I do not know how best to resolve these beliefs with those we’ve encountered in Nietzsche’s work. It seems that Nietzsche believes strongly in the limitations that individuality imposes upon human beings, and the freedom of will would be one such area. Every individual, he seems to say, is a complex interweaving of physical, social, and psychological phenomena. He seems to call individuals to explore themselves for some defining attribute or purpose so as to gain an understanding of what to do with life. Through the stages of self-transformation, a person will ideally take the best of his society and the best of himself to synthesize some worthwhile cause to call his virtue, at which he will point all of his strength. The strongest individuals will be the most free from hindrances to this goal, though they will not necessarily be any more free in terms of choosing who they get to be.
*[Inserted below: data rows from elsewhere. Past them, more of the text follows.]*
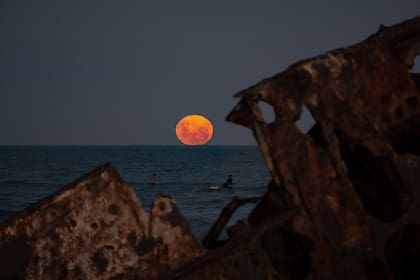 Martín fue a la playa con la intención de hacer un video de la salida de la luna. Cuando empezó a salir vio que el encuadre estaba desalineado y el resultado no iba a ser el que esperaba. Entonces, cortó el video y disparó varias fotos. Una es esta, con dos surfers.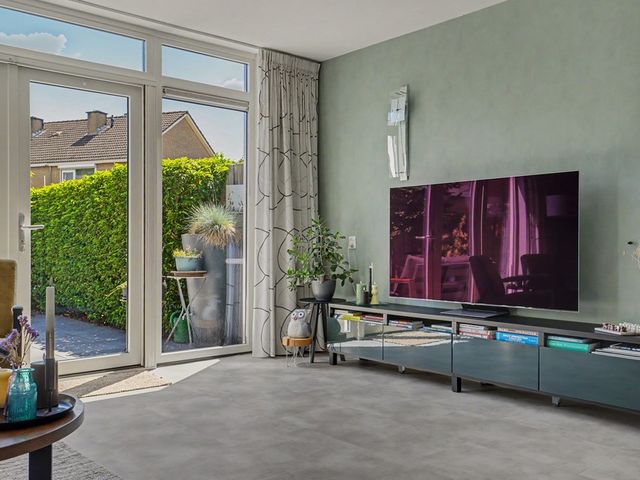 Plevierstraat 1, Strijen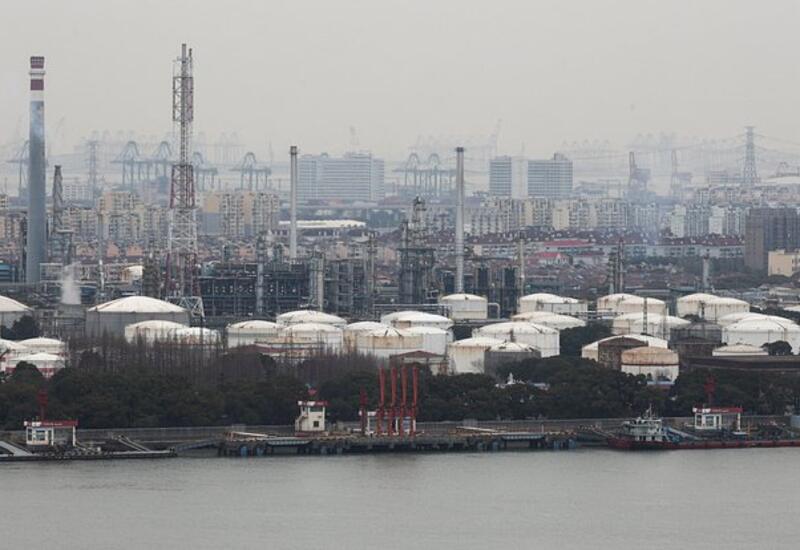 Китай начал тратить свои запасы нефти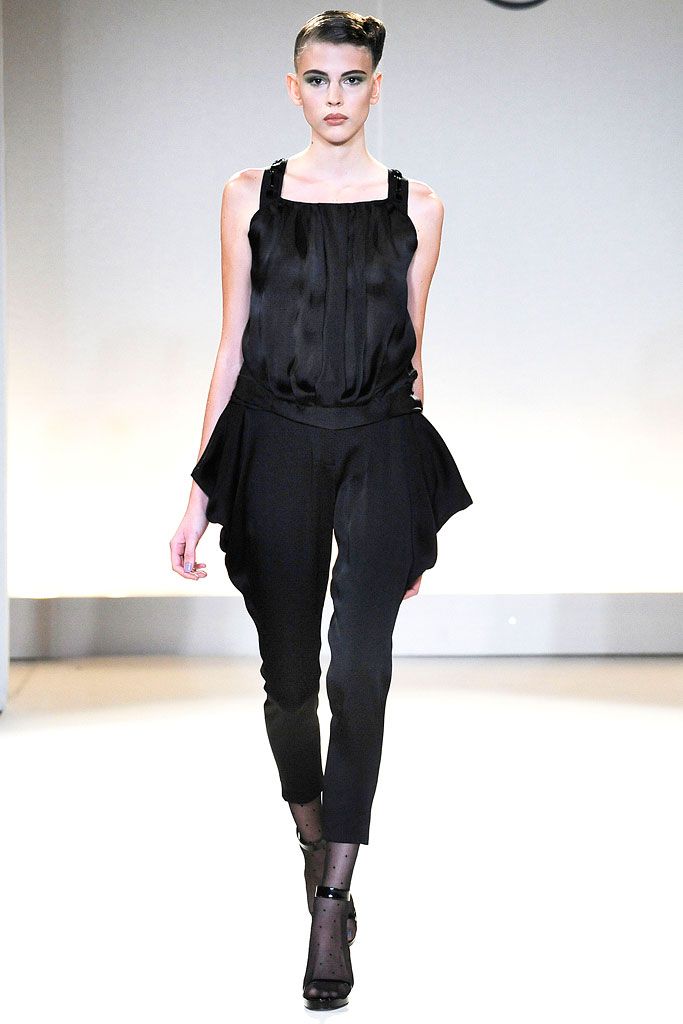 Collette Dinnigan S/S 10 Look 43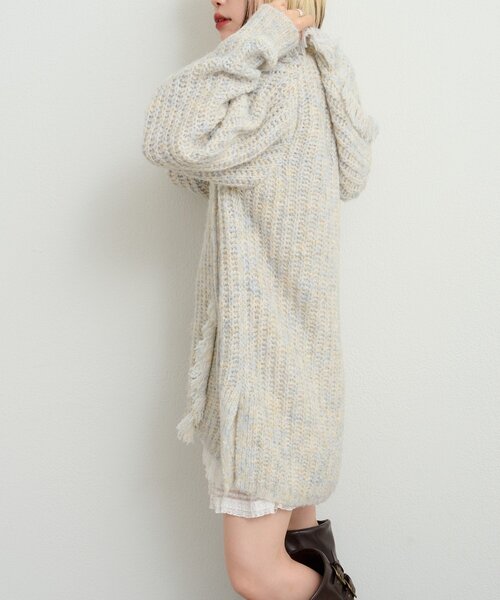 w closet（ダブルクローゼット）の「フード付フリンジMIXニット（ニット/セーター・レディース・アイボリー/チャコールグレー/ブルー/グリーン・FREE）」の8枚目の写真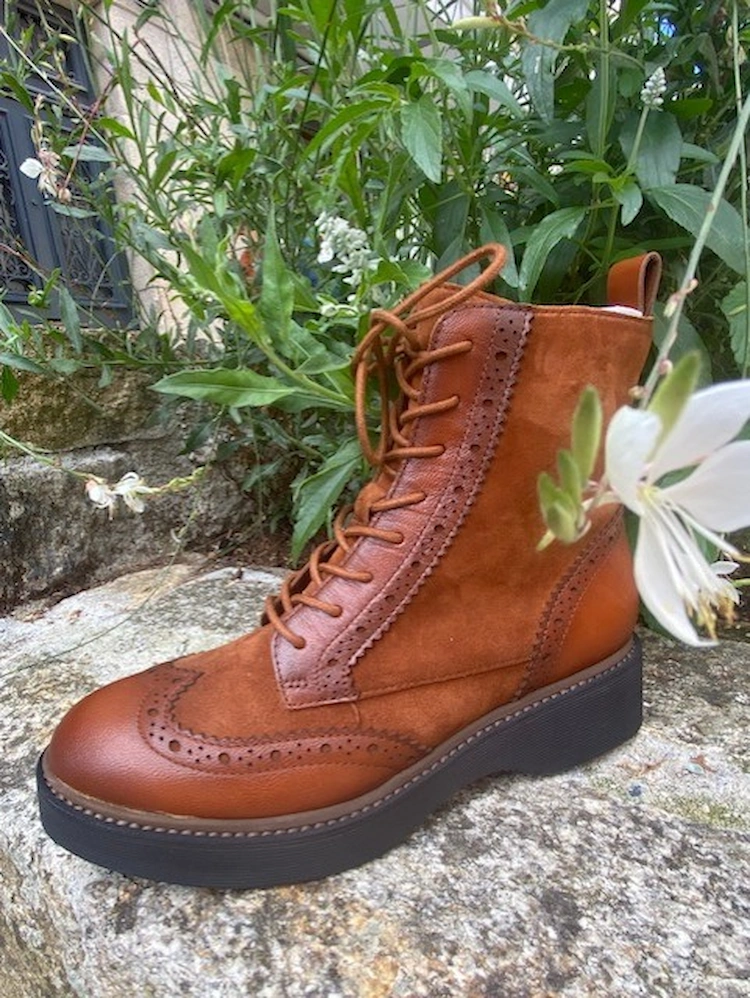 Boots lacets camel bi matière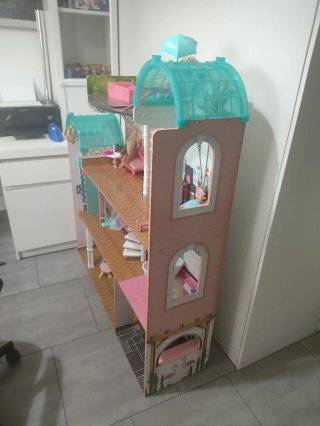 Casa de muñecas grande con accesorios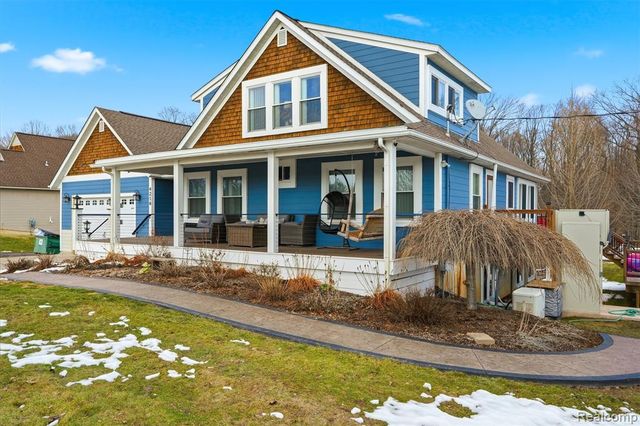 4216 Nicholson Road, Fowlerville, MI 48836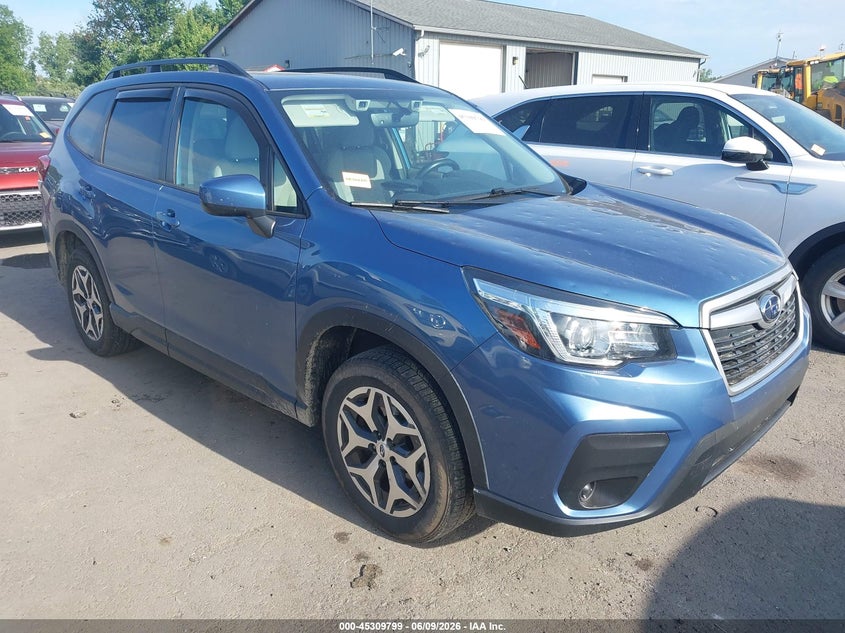 2020 Subaru Forester VIN JF2SKAGC2LH584658 IAAI salvage auction — HAIL, Salvage Title, sold $7,400 on 2026-07-14 (photo 1)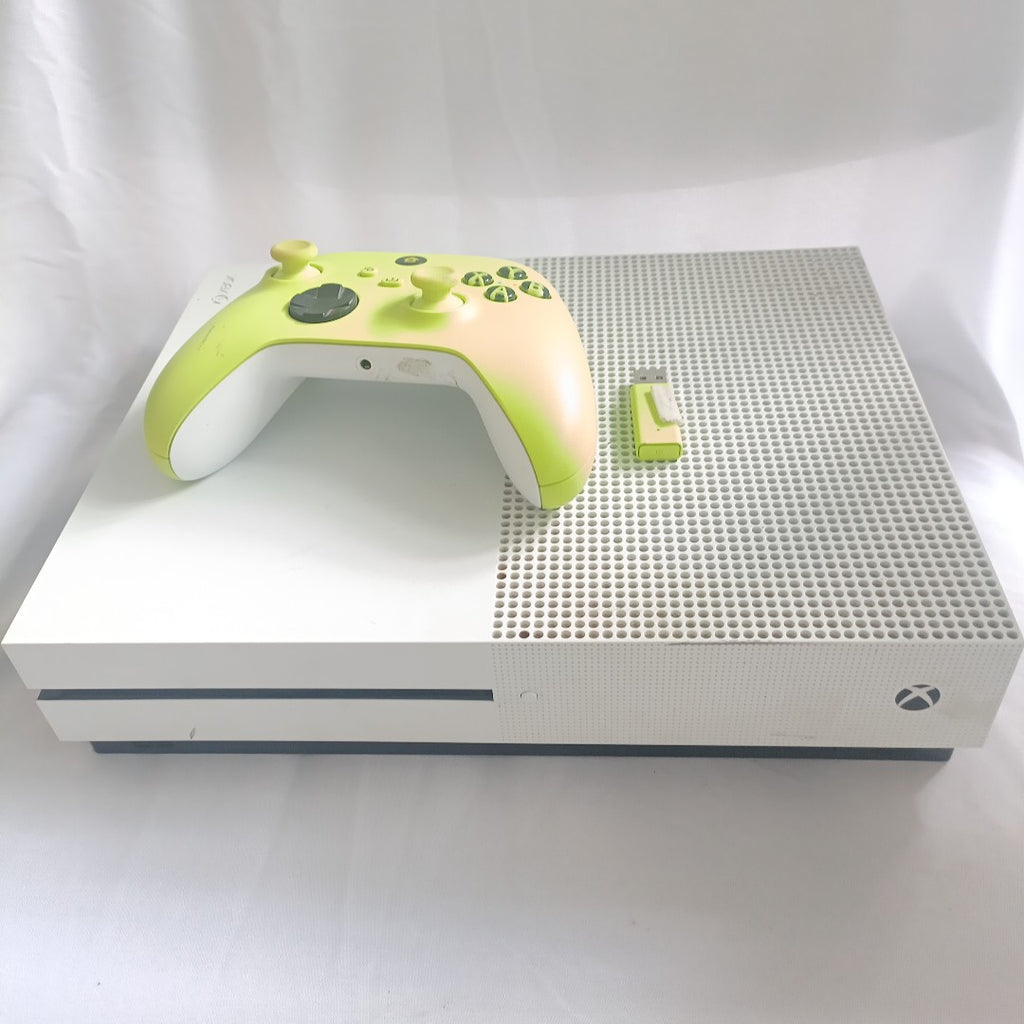 CONSOLA DE VIDEOJUEGO MICROSOFT XBOX ONE S 500 GB  (SEMINUEVO)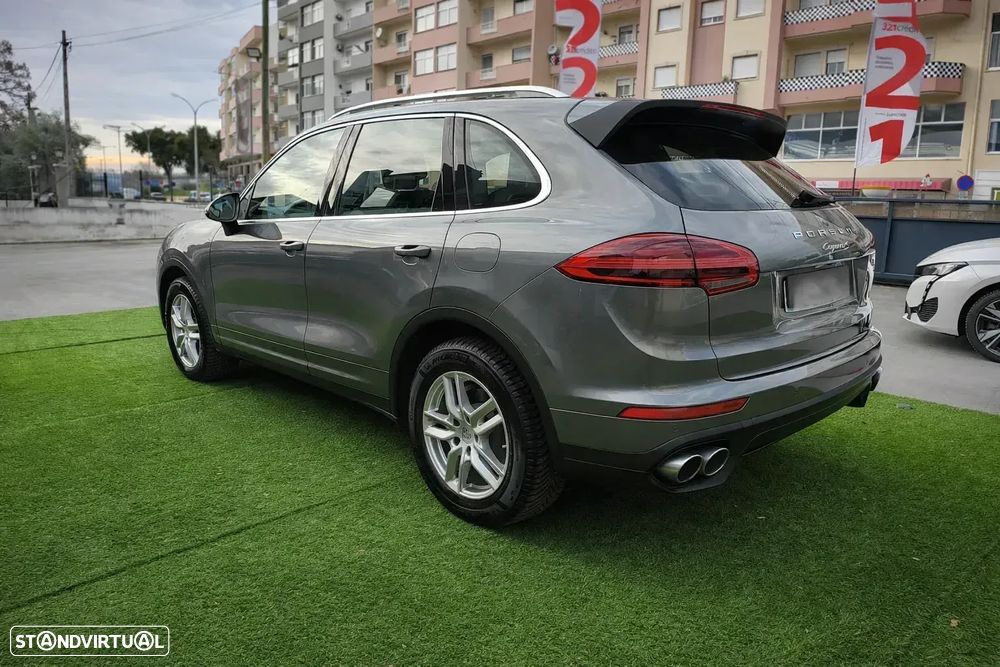 Porsche Cayenne S E-Hybrid - 5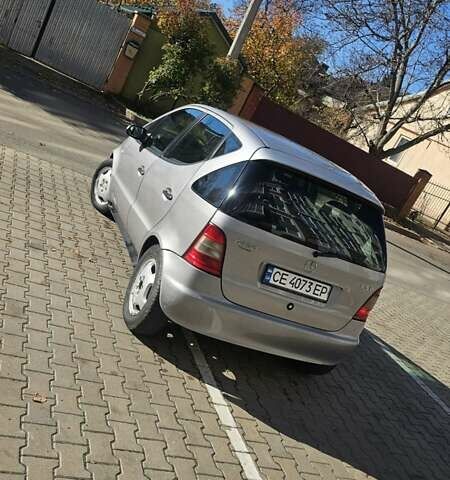 Серый Мерседес А класс, объемом двигателя 1.6 л и пробегом 280 тыс. км за 2250 $, фото 9 на Automoto.ua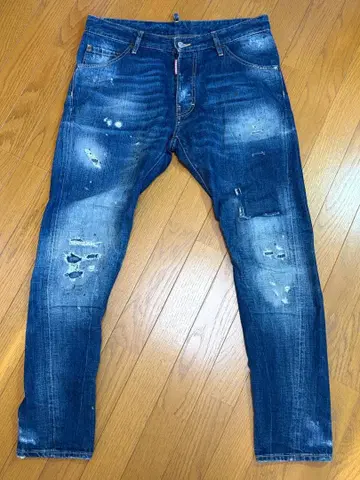 DSQUARED2 Kenny Twist worn washed jeans
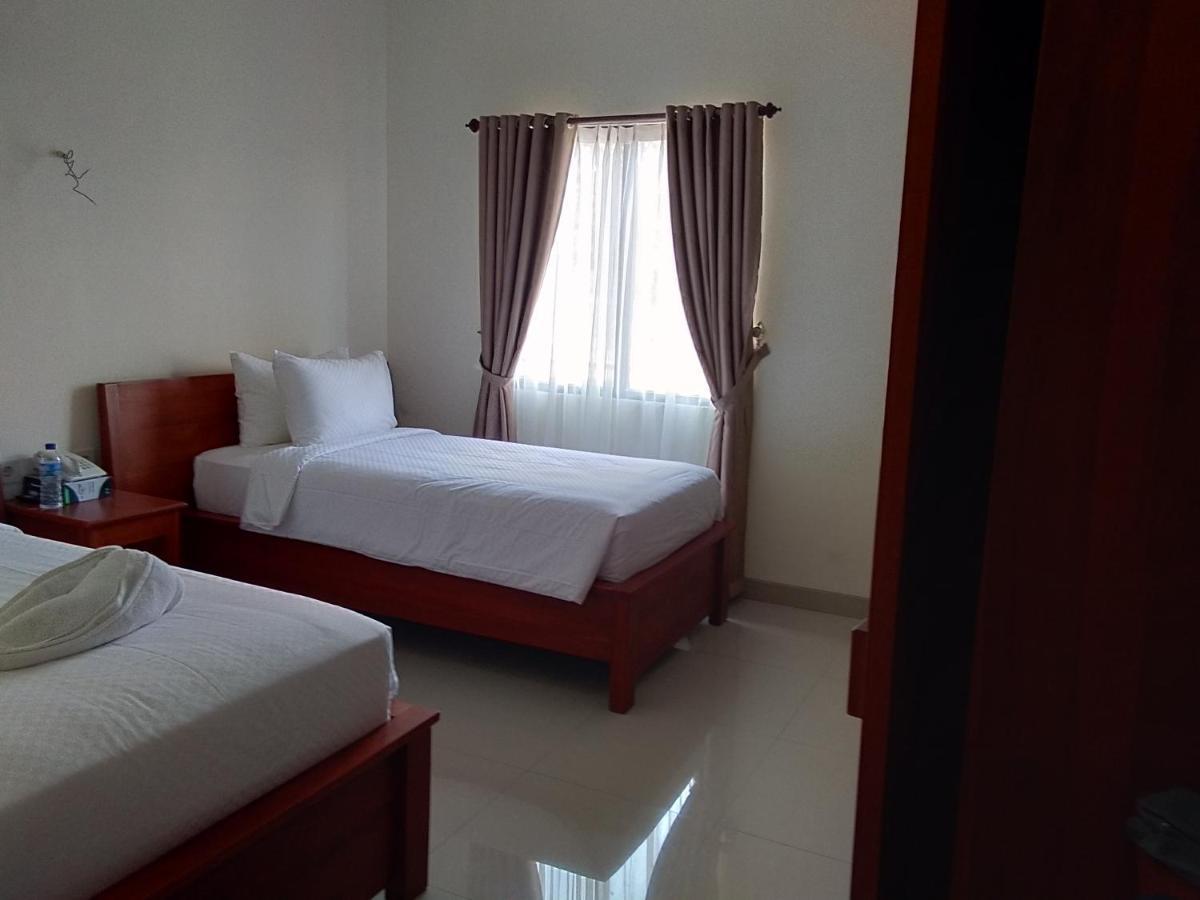 Kalton Hotel Labuan Bajo Luaran gambar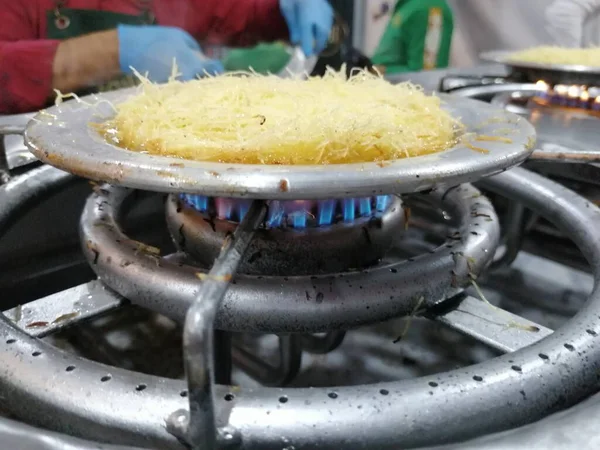 Lezat Hatay Gaya Keju Kunefe — Stok Foto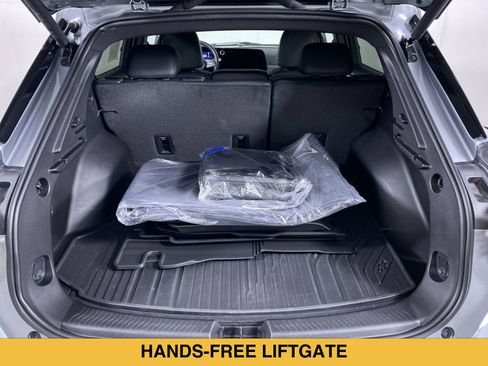 Used 2024 Chevrolet Equinox EV RS AWD/4WD image 12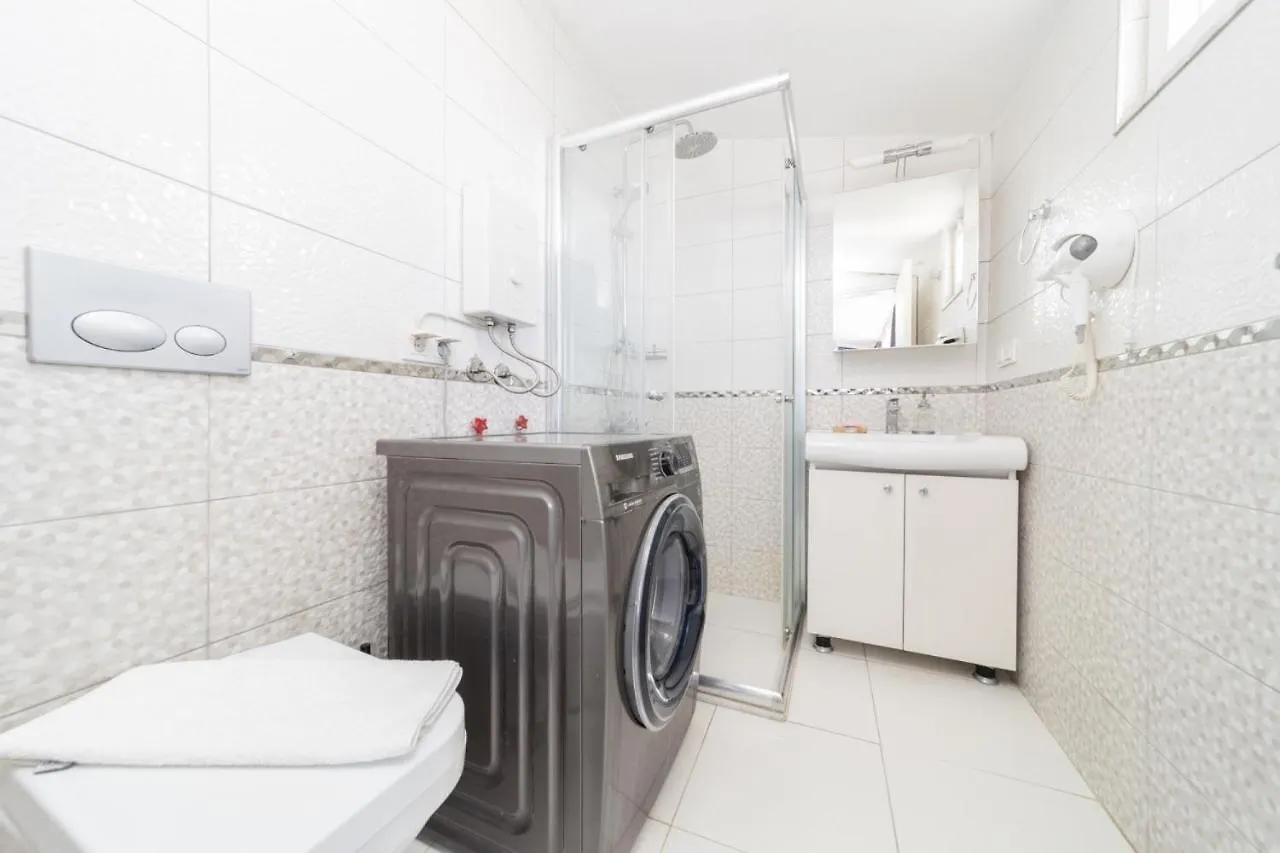 안탈리아 Superb Flat Near Hadrian'S Gate 아파트 터키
The weaker individuals will be constrained in their efforts to exert power over the world around them, and will often squander their lives chasing whichever wild goose seems to be most within reach at any given moment. In this understanding of things, Nietzsche’s view on freedom would seem to be something akin to the idea that the most strongly-willed people will be most free to achieve greatness, and those who are a confusion of weaker drives will not achieve much.